I watched the Padres series, and I have a few observations about our boys in blue.

First, while starting the season strong, the bullpen is finishing extremely weak. For at least the past month, the bullpen makes me nervous, and now even more so with closer Kenley Jansen sidelined with heart issues. Outside of Jansen, there is not one pitcher in the bullpen who I can say, with confidence, who will get the job done without a hiccup. During Tuesday night’s game, when I saw Matt Guerrier warming up on the mound, I knew that the just achieved 3-1 lead was in jeopardy, and five minutes later after a base hit and a home run and a resulting 3-3 tie, it was confirmed. A few games prior, just after being activated from the disabled list where  he had been since April 19th, Guerrier gave up the game-losing home run in the 11th inning in the 4-3 loss to the Arizona Diamondbacks. In his 9.1 innings pitched in  2012, Guerrier has given up five runs, all earned, on six hits with a 4.82 earned run average. Then, in the Wednesday night game, when I saw Shawn Tolleson replace Aaron Harang, I had a similar sense that the 3-3 tie was in jeopardy, and two innings later, Tolleson had given up one run on one hit and one walk to put the Padres ahead 4-3. Tolleson has given up 23 hits and 15 runs with a 4.73 earned run average in his 26.2 innings pitched in 2012.

Second, the Dodger offense continues to struggle. While the walk-off win on Sunday night against the Diamondbacks and Monday night against the Padres were welcome sights and demonstrated to me that the Dodgers do have some fight in them (thank goodness), this was not the offense that we were hoping for at this time of year or expecting after the acquisition of Adrian Gonzalez from Boston Red Sox.
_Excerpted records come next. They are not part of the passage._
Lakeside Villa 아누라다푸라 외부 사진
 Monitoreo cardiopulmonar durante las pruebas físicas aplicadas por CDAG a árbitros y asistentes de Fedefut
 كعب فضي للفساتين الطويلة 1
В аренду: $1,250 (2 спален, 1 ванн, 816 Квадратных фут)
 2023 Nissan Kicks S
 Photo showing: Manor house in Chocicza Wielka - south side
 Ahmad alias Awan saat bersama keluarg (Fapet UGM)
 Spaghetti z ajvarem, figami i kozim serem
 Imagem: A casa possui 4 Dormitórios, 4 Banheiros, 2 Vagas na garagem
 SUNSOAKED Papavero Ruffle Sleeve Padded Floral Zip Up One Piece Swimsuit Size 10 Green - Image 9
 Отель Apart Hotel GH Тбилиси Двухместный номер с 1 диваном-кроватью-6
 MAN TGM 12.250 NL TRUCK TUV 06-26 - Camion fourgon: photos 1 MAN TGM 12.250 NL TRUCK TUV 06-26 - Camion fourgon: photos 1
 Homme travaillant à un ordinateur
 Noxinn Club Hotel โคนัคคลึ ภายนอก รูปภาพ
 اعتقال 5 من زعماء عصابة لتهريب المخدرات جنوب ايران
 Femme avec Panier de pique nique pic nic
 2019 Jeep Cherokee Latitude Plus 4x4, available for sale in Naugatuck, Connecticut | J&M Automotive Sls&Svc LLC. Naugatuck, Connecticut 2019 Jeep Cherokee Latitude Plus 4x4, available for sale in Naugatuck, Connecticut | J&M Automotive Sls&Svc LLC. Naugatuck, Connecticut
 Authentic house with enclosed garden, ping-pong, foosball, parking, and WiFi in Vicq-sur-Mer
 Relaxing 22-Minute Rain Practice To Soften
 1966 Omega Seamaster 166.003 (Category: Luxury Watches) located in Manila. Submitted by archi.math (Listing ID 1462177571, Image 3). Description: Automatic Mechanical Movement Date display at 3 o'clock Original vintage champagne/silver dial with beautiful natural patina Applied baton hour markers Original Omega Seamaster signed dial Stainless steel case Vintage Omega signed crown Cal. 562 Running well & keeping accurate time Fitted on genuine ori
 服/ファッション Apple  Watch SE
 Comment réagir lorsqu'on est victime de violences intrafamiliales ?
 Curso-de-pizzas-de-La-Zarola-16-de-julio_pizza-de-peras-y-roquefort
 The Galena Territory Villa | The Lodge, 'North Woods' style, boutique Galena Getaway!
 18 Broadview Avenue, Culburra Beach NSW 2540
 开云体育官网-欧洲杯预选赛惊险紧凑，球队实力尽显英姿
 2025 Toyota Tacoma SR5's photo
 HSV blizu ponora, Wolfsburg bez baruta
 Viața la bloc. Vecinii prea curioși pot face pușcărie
For some clues into their offensive struggles, take a look at their rankings in several offensive categories. They currently rank 17th out of the 29 teams in the MLB in hits and 18th in batting average and on base percentage, and then drop to 24th in overall runs and 28th in slugging percentage. So while the Dodgers are getting on base, they are not getting a lot of bases and consequently not scoring runs. This is confirmed by their high left on base numbers. For example, in their August 26th 6-2 loss to the Miami Marlins, the Dodgers left 34 men on base, double that of the Marlins 17, and resultantly scored only two runs even though equaled the Marlins’ hit total with eleven. Hanley Ramirez is an upgrade. While his post home run celebrations are excessive for my taste, he hits the long ball. This is also where losing Dee Gordon hurts. While Dee struggled to get on base, when he did get on base, he either stole bases or was able to advance easily, even on a ground ball.

Third, even though his decisions make me cringe at times, Manager Don Mattingly should continue as manager, even if the team fails to make the playoffs. Yes, he micromanages the pitching and displays too much faith in this bullpen. Albeit his micromanagement is not to the degree that Joe Torre did with both the Yankees and Dodgers, it still frustrates me. For example, during Monday night’s game, after the Dodgers infield and Pitcher Joe Blanton met at the mound, he pulled Blanton and brings in Randy Choate. After giving up a two-run home run to Padre Third Baseman Chase Headley to begin the game, Blanton recovered nicely and pitched well. Now, Blanton makes me nervous, but the bullpen makes me more nervous. This move to the bullpen was repeated during Clayton Kershaw’s performance Tuesday night when Kershaw was pulled in the 8th inning for Matt Guerrier, and the above described game-tying home run happened. Still, Mattingly is good for the team, and he should be retained as manager, even if the team fails to make the postseason. Mattingly has tremendous baseball acumen and is able to transfer it to his players. Case in point is the recent hitting of right fielder Andre Ethier. In Monday night’s game, Ethier had two hits, including the game-tying home run in the ninth inning, and scored twice. In Tuesday night’s game, he had one hit, a game-tying home run in the second inning. It was the fifth home run in the last 13 games for Ethier, since Mattingly advised him to choke up on the bat to diminish the pain caused by the blister on his right hand.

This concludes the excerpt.